Kirsten of Meet the Virus/Naked Aggression:
There's nothing particularly punk about either of the sites you mention (burningangel.net and suicidegirls.com). It's the exploitation and fetishization of a youth sub-culture. It doesn't cheapen punk because it is no more a part of it than the bands played on the local radio station. As with all dialogues, a definition must be set down to determine the parameterss of that which is being discussed. That said, the definition of punk doesn't include any form of pornography. Pornography takes a base human desire and exploits it for cash. That's what we like to commonly refer to as Capitalism. We also like to think that exploiting our fellow and sister human beings' weaknessess, for monetary gains, is not a principle of punk. People will try to justify whatever they do, no matter how wrong. Punk and pornography are completely exclusionary concepts. I don't care if someone has dyed their hair red, pierced their lip and pulled down their drawers for the camera.


Lexa Vonn

Lexa Vonn of Ophelia Rising:
In the beginning punk rock was designed to shock mainstream society into exploring the alternatives of the norm. Graphic images of sex and violence were a large part of this re-conditioning. These days, graphic images of sex and violence are the norm...hell, our last election was Bush (sex) against Gore (violence). So, I ask you is continuing with an unconditioning that has become the condition really serving its purpose anymore? And do those that view it really consider punk rock ethics when they're jerking off? Maybe...who's to say? It's all cliche. I'd rather see a pornsite of fully clothed virgins smiling. That would be taboo in 2002.


Rachel of Fuzbuni

Rachel of Fuzbuni:
I wasn't really familiar with this "punk rock" porn. So I did some research. I went to the Suicide Girls web site and I liked what I saw! REAL WOMEN! These women(yes women, not 15 year old girls) obviously are so secure in who they are that they aren't afraid to flaunt it. They are free, free to be and look however they want. There wasn't any silicone, or Barbie like construction, just women who are proud of their bodies. To me there isn't anything more beautiful. So what's the problem? I'll tell you what the problem is: it's the punk rock elitism! Since when has there been rules? Punk has become a commodity, a look, a product. I went to some bulletin board, I think it was some New Jersey punk page, and two wankers were bantering back and forth about how it was the upstate "mods" fault that all this punk porn started. It's just like high school. Who's cool and who's not. I always thought that punk rock should've been above that, that immature bullshit! So if you ask me, which you did, there isn't a damn thing wrong with "punk rock" porn, I might even become a member of the Suicide Girls!
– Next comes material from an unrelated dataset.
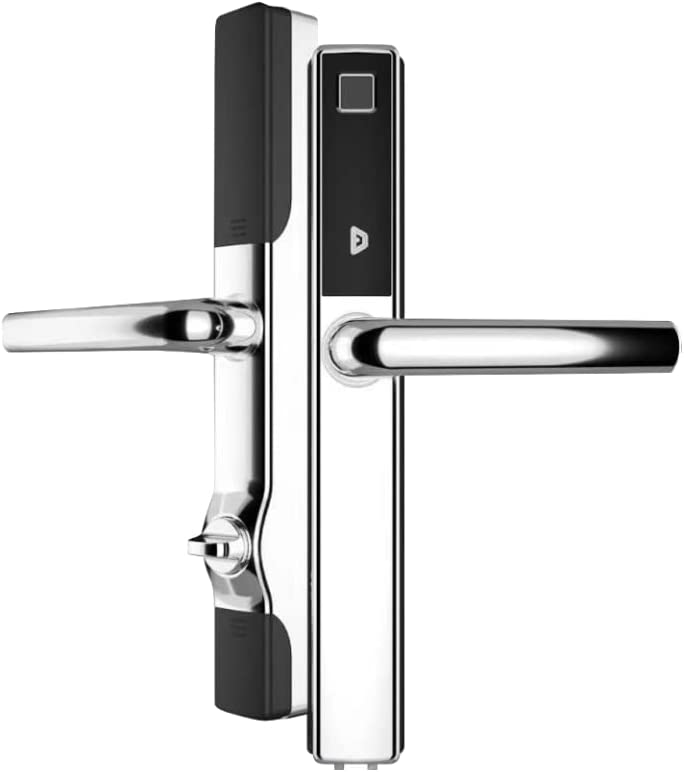 Blusafe Origin Smart Chrome - Keyless Door Handle for Home Security, App Control, Key Card, Remote Lock/Unlock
Ritchey of the Badger King

Ritchey of the Badger King:
Basically, I think the concept of "punk rock porn" is almost an oxymoron. It is totally lame and totally wrong and I feel very gross about it. Just because some girl has hairy armpits, then her objectification is all of a sudden empowering or something? I don't get it. Like, porn is sexist and misogynist and all that, but if the girls are "alternative" then it becomes cool? Objectifying women sexually is the same whether it's playboy or peaches (a discussion in and of itself!), in my opinion. Just because you "choose" to objectify YOURSELF doesn't mean it's legit. And that argument doesn't take into account all the socialization we've had over the centuries about women and bodies and women as sex objects.